* [What you should do]
Nothing below is to be printed except the lines between the line holding "Again, please skip" and the line holding "We will discuss", inclusive, each exactly as it appears.

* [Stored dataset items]
=== Section Start ===

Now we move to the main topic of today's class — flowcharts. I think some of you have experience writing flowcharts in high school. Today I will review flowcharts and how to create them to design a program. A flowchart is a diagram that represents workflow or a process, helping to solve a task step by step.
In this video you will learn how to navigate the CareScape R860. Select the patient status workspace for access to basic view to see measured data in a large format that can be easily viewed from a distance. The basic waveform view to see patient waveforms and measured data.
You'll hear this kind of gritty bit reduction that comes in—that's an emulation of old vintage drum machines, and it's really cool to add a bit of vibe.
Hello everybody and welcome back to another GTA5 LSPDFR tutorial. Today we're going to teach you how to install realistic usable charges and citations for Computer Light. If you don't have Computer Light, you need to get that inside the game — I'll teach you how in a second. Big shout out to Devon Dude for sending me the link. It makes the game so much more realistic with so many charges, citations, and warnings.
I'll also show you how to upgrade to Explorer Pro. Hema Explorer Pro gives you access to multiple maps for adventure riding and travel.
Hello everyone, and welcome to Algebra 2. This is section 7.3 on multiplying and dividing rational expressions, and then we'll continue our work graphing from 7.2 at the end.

=== Section End ===
=== Section Start ===

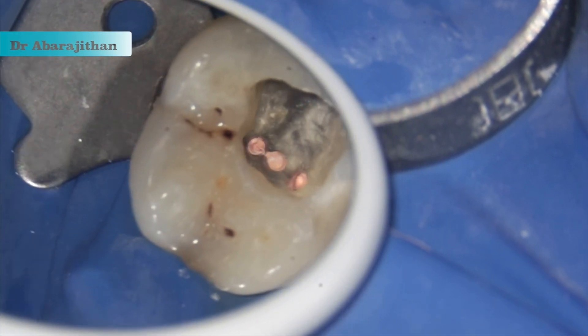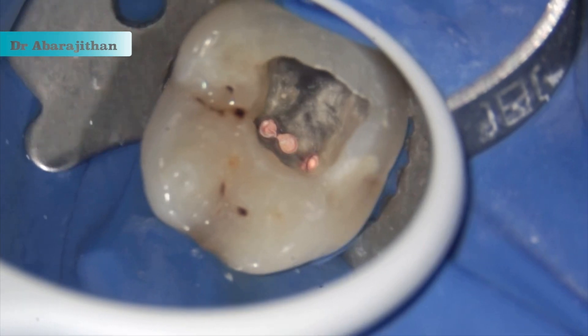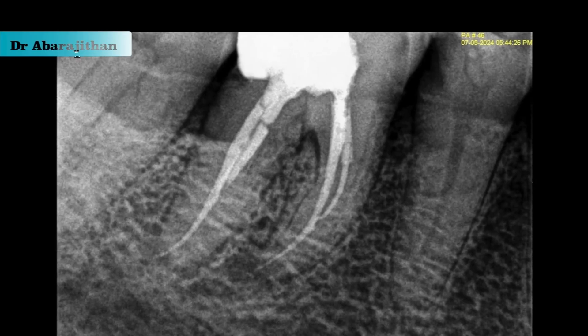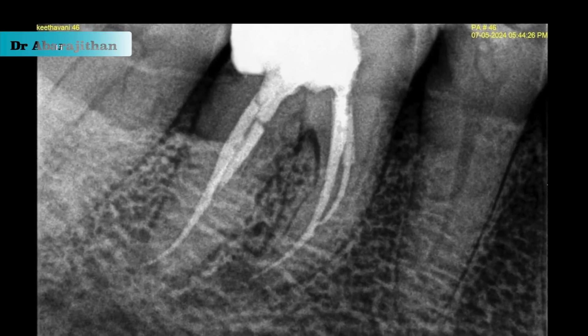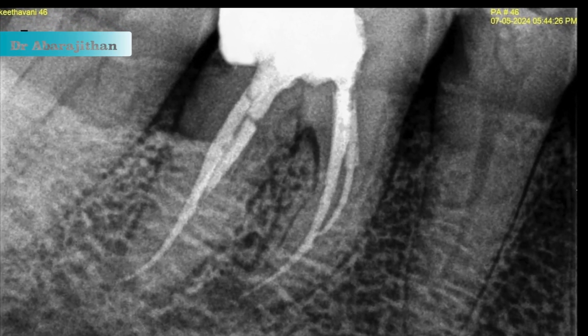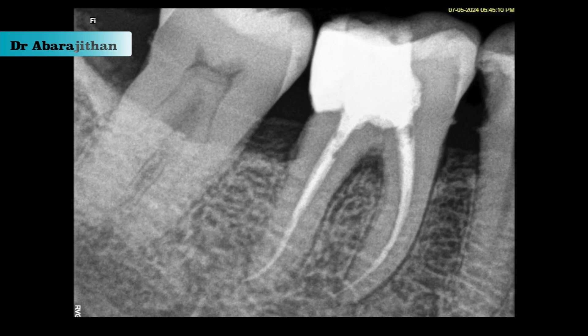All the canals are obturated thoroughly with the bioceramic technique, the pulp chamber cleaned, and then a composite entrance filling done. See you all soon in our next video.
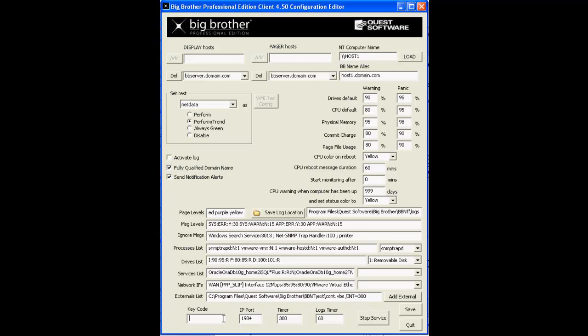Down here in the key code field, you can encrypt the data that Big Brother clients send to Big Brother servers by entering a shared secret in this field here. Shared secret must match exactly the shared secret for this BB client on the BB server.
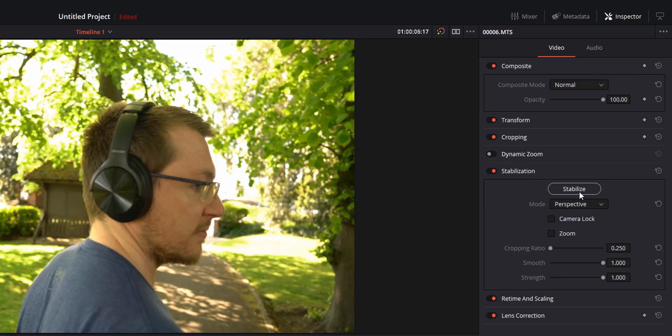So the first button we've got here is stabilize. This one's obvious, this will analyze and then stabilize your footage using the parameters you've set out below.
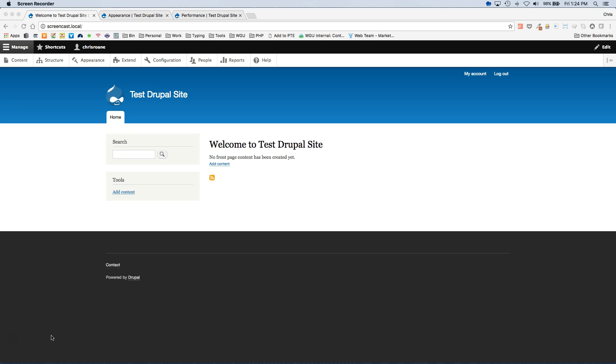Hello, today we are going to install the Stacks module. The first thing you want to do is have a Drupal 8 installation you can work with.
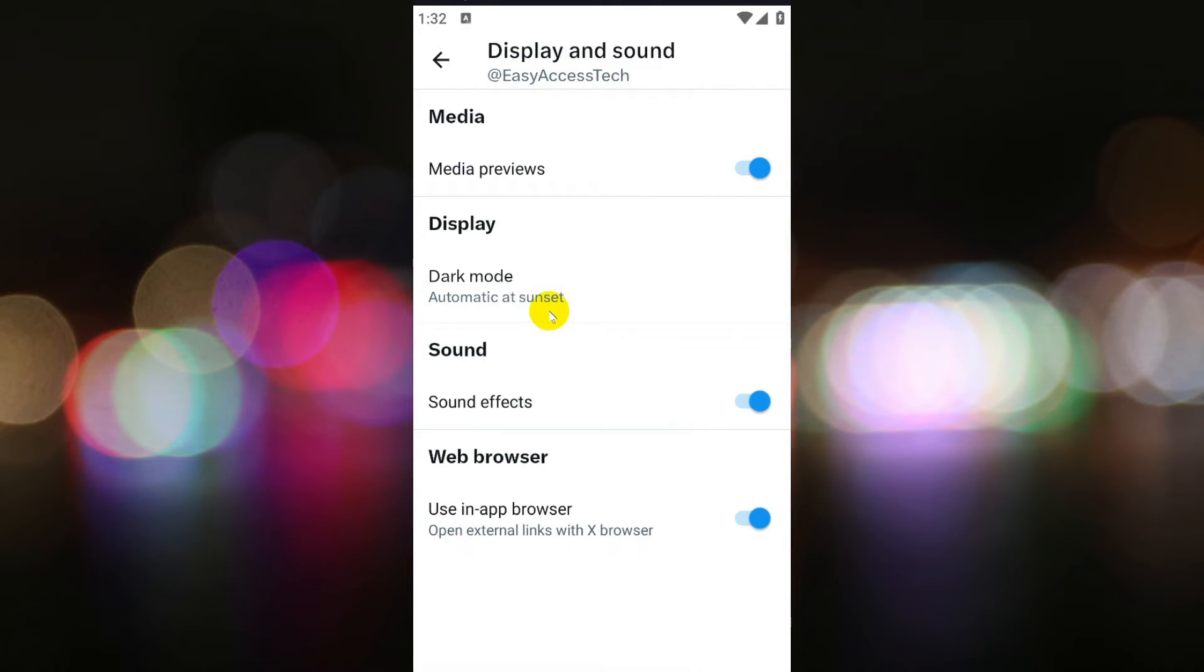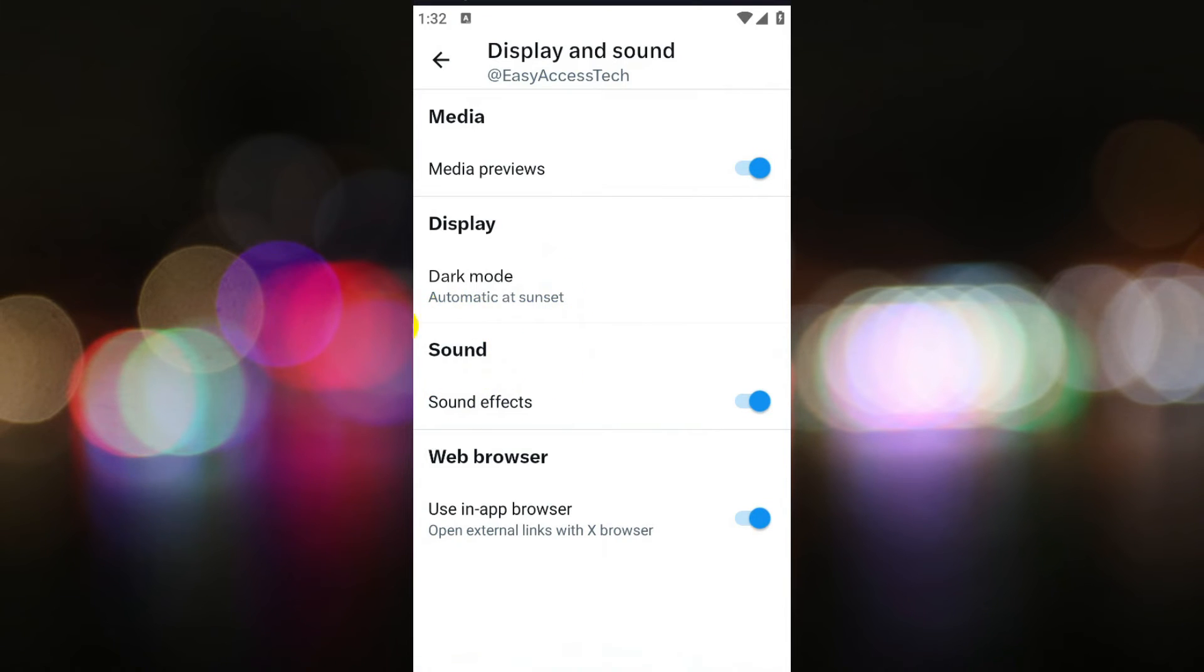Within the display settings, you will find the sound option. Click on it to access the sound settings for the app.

=== Section End ===
=== Section Start ===

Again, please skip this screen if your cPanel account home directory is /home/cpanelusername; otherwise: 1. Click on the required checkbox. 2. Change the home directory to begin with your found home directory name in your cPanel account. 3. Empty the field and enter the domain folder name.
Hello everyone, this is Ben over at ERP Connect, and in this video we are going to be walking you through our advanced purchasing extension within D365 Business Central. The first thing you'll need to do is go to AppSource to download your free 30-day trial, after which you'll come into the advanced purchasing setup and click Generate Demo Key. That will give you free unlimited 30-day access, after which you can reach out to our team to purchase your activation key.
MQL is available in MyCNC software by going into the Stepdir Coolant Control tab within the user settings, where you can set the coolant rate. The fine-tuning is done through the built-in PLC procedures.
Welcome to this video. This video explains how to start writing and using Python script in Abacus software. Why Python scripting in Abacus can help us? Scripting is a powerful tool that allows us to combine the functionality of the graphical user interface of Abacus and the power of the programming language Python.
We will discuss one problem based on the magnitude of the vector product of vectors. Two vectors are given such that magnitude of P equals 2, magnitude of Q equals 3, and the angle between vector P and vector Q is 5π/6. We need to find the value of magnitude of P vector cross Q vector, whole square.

=== Section End ===

* [Answer to this exercise]
Again, please skip this screen if your cPanel account home directory is /home/cpanelusername; otherwise: 1. Click on the required checkbox. 2. Change the home directory to begin with your found home directory name in your cPanel account. 3. Empty the field and enter the domain folder name.
Hello everyone, this is Ben over at ERP Connect, and in this video we are going to be walking you through our advanced purchasing extension within D365 Business Central. The first thing you'll need to do is go to AppSource to download your free 30-day trial, after which you'll come into the advanced purchasing setup and click Generate Demo Key. That will give you free unlimited 30-day access, after which you can reach out to our team to purchase your activation key.
MQL is available in MyCNC software by going into the Stepdir Coolant Control tab within the user settings, where you can set the coolant rate. The fine-tuning is done through the built-in PLC procedures.
Welcome to this video. This video explains how to start writing and using Python script in Abacus software. Why Python scripting in Abacus can help us? Scripting is a powerful tool that allows us to combine the functionality of the graphical user interface of Abacus and the power of the programming language Python.
We will discuss one problem based on the magnitude of the vector product of vectors. Two vectors are given such that magnitude of P equals 2, magnitude of Q equals 3, and the angle between vector P and vector Q is 5π/6. We need to find the value of magnitude of P vector cross Q vector, whole square.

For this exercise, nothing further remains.